ASSIGNMENT: Every line of the listing below is to be duplicated exactly, with the pictures left out.

INFORMATION SUPPLIED:
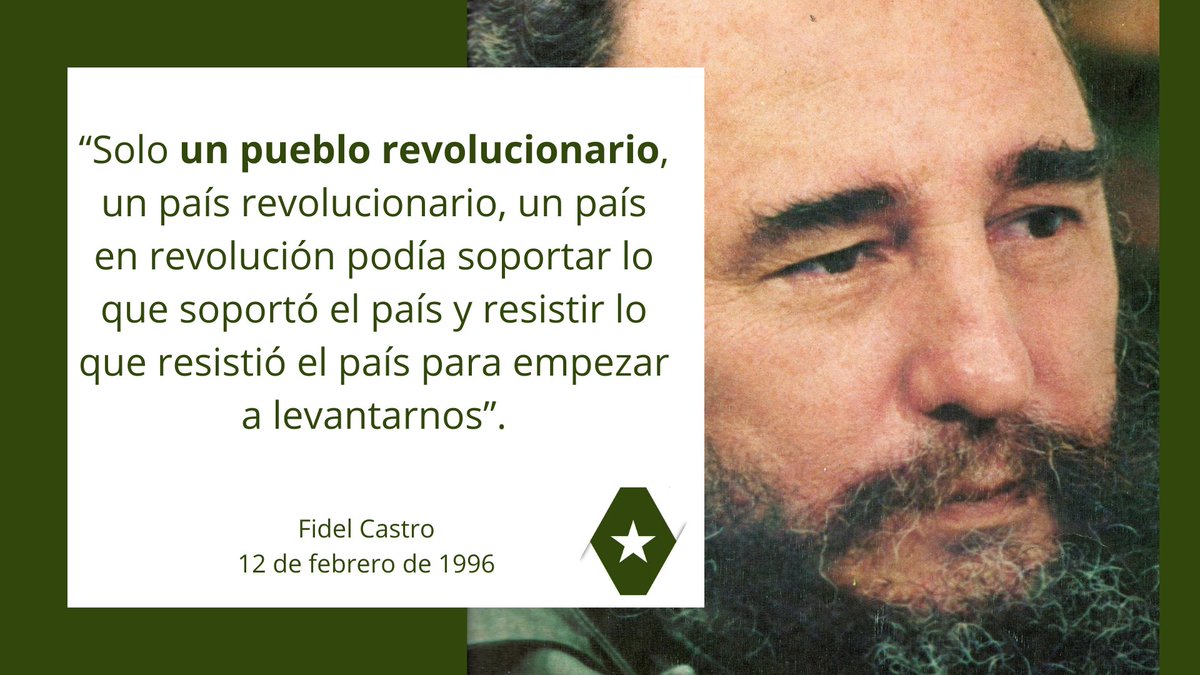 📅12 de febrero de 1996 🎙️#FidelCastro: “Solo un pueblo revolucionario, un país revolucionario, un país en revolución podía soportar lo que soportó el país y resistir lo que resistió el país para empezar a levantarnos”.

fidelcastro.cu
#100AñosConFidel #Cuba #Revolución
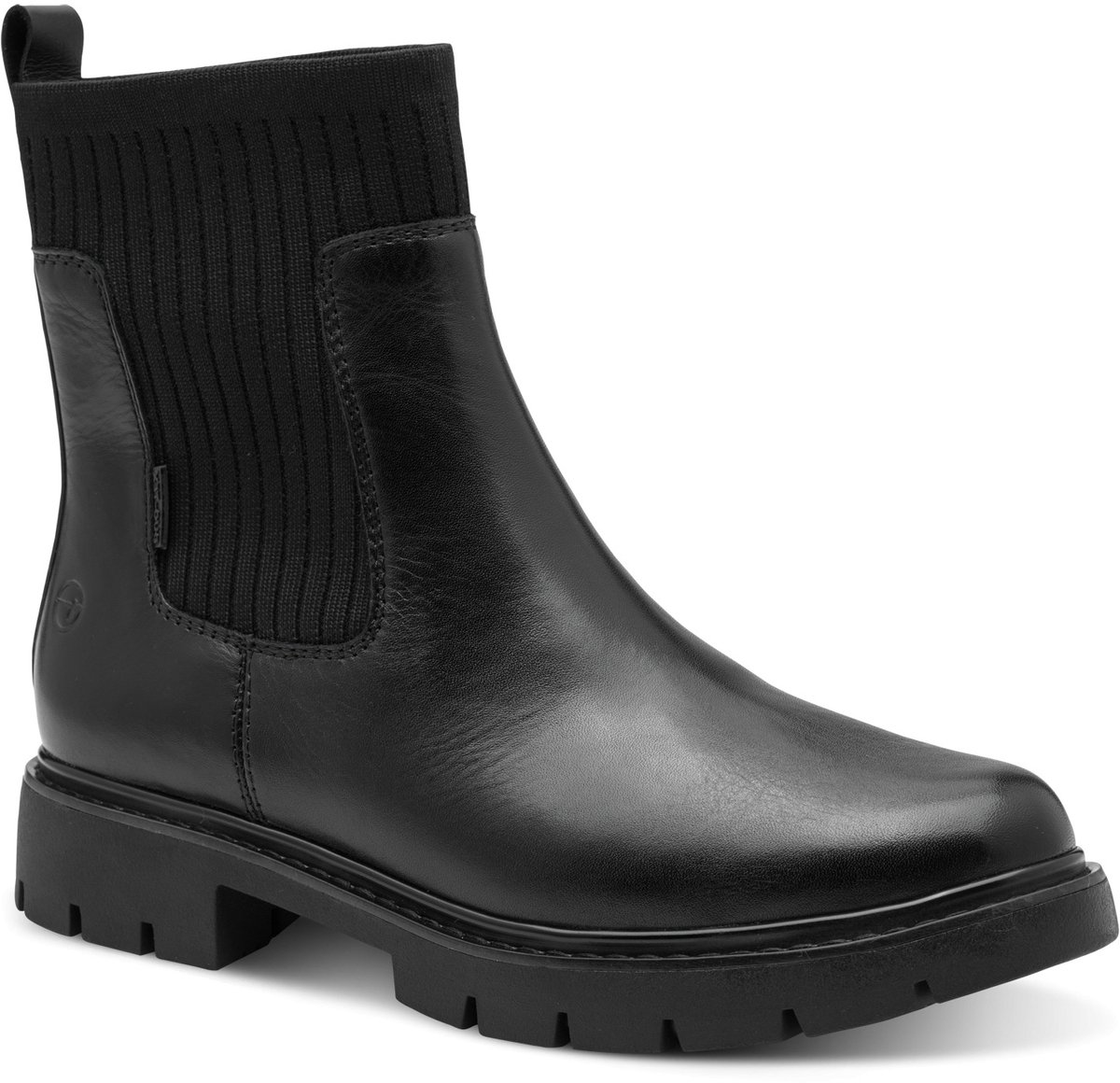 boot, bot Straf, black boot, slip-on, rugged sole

OUTPUT OF THE TASK:
 📅12 de febrero de 1996 🎙️#FidelCastro: “Solo un pueblo revolucionario, un país revolucionario, un país en revolución podía soportar lo que soportó el país y resistir lo que resistió el país para empezar a levantarnos”.

fidelcastro.cu
#100AñosConFidel #Cuba #Revolución
 boot, bot Straf, black boot, slip-on, rugged sole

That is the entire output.